## WHAT TO WORK ON:
Your answer must be the listing repeated word for word, without its pictures.

## RECORDED DATA:
::::::::

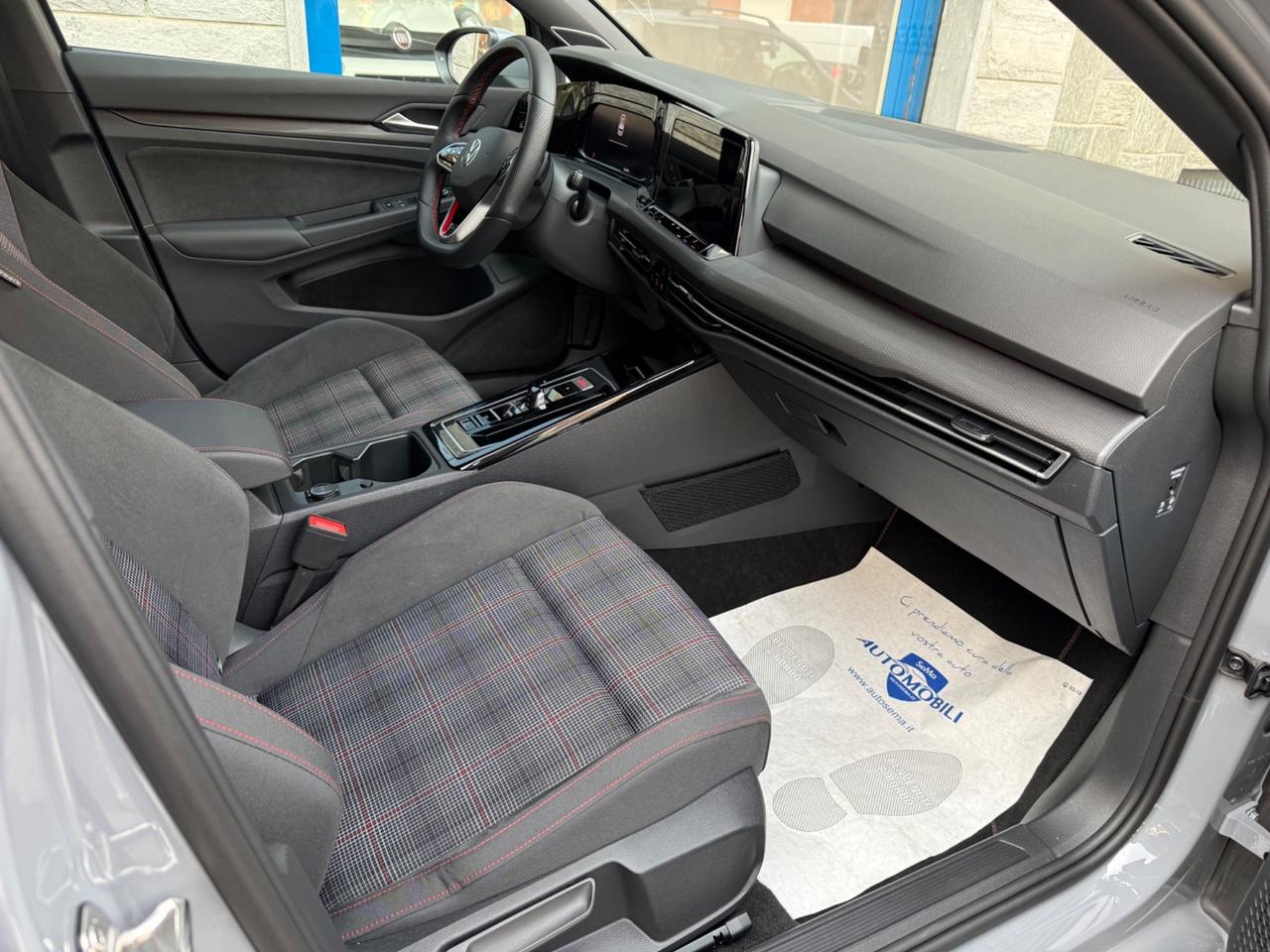 Volkswagen Golf GTI 2.0 TSI DSG PERFORMANCE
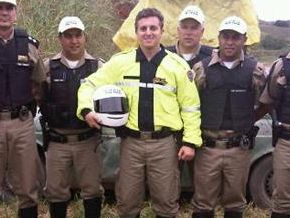 Luciano Huck se veste de policial para capturar Lata Velha!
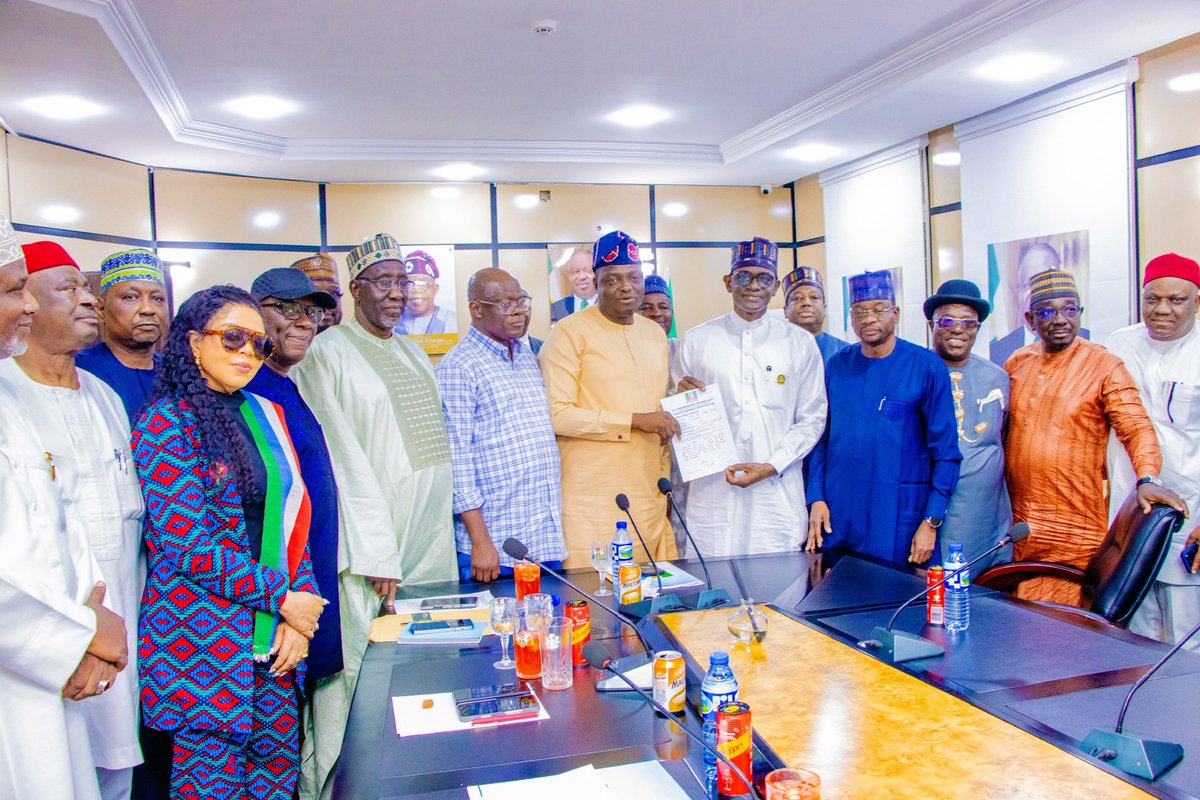 Godowoli_Jnr's tweet photo. Cleared, certified, and ready for the Red Chamber🙌🏻
Gov. Mai Mala Buni passes APC screening in style. The journey to the Senate just gained more momentum. https://t.co/NRDFm1OwFY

::::::::

## TASK SOLUTION:
 Volkswagen Golf GTI 2.0 TSI DSG PERFORMANCE
 Luciano Huck se veste de policial para capturar Lata Velha!
 Godowoli_Jnr's tweet photo. Cleared, certified, and ready for the Red Chamber🙌🏻
Gov. Mai Mala Buni passes APC screening in style. The journey to the Senate just gained more momentum. https://t.co/NRDFm1OwFY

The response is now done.